Friday, January 09, 2009

Haruki & Me

I’m reading the memoir of novelist Haruki Murakami – What I Talk About When I Talk About Running. I’ve only read one of his novels, but I liked it a lot (his writing, in After Dark anyway, is the type that appears very simple but is actually, or maybe also, very complex – I love that), and I’m really digging this memoir. My wife got it for me at the library – not knowing I’d read his stuff, just thinking that, because of the title, I’d be interested. She’s good, that one.

It’s been really interesting how similar our thinking, and even experience, is in some ways – despite enormous differences. I mean, it’s easy to substitute screenplay for novel, and cycling for running, so those differences aren’t too tough to get beyond. And then there’s the fact that he’s a wildly successful writer with a dozen novels translated into 42 languages… and he’s Japanese.

But a lot of what he’s writing in his memoir feels like it could have been lifted from my own journal, blogs and annoying self-indulgent conversations with family and friends.

Here’s one bit I read today at lunch that felt spot-on.

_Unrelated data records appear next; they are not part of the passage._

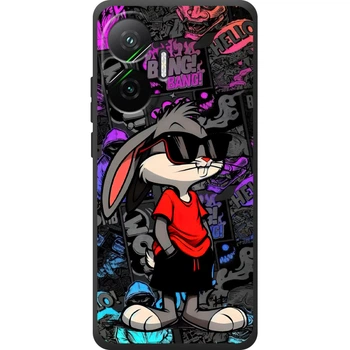 Силиконовый чехол BoxFace Xiaomi Poco F7 Малий вухань (66578-bk119)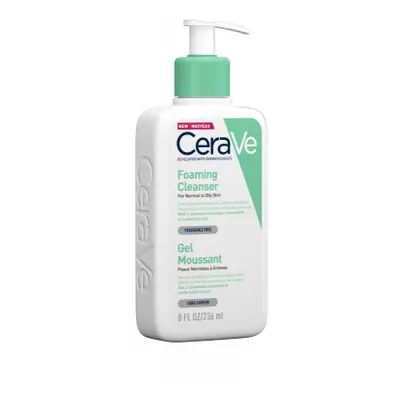 CeraVe čisticí pěnící gel 236 ml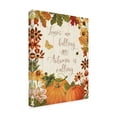 thumbnail image 2 of Trademark Fine Art Seasonal Canvas Art ' Fall Garden III v2 ' by Katie Pertiet, 2 of 3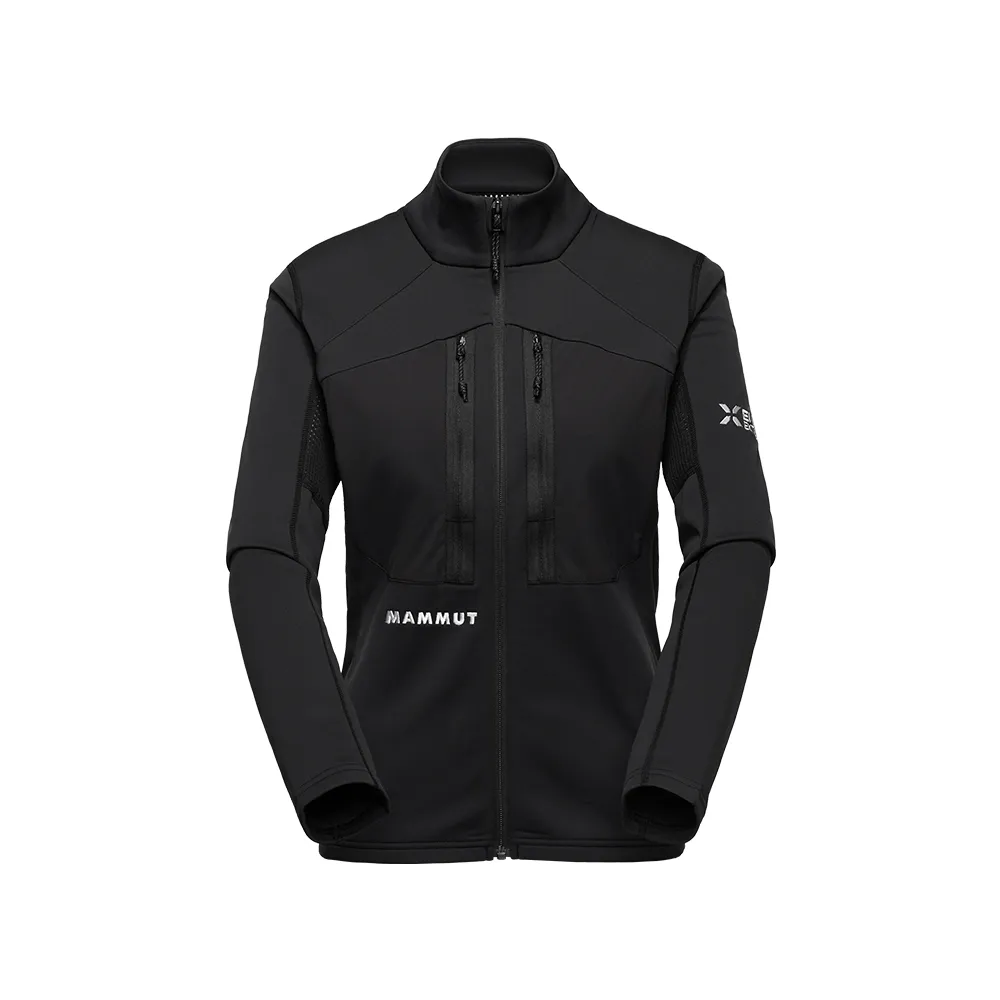 【Mammut 長毛象】Eiger Nordwand Advanced ML Jacket 極限艾格保暖立領外套 黑色 女款 #1014-06540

He wrote his first couple of novels while running a bar he owned in Tokyo. Of that, he writes:

With the first two, I basically enjoyed the process of writing, but there were parts I wasn’t too pleased with. With these first two novels I was only able to write in spurts, snatching bits of time here and there – a half hour here, an hour there – and because I was always tired and felt like I was competing against the clock as I wrote, I was never able to concentrate. With this kind of scattered approach I was able to write some interesting, fresh things, but… a natural desire sprang up to take it as far as I could… and after giving it a lot of thought, I decided to close the business for a while and concentrate solely on writing.


Hmmm. If only I had a bar to sell…

2 comments:

Anonymous said...

Remember when I sent you a quote from a New Yorker mag story that was excerpted from this book, maybe a year ago? Send it north when you're done if you trust me with it.

149films said...

Yeah, well, selling a coffee house didn't give me any new time to write. I'm teaching Walden and wishing I could live in a shack by a lake...that shit takes money now. Simplicity and liquid cash - wouldn't make for such a transcendental notion anymore.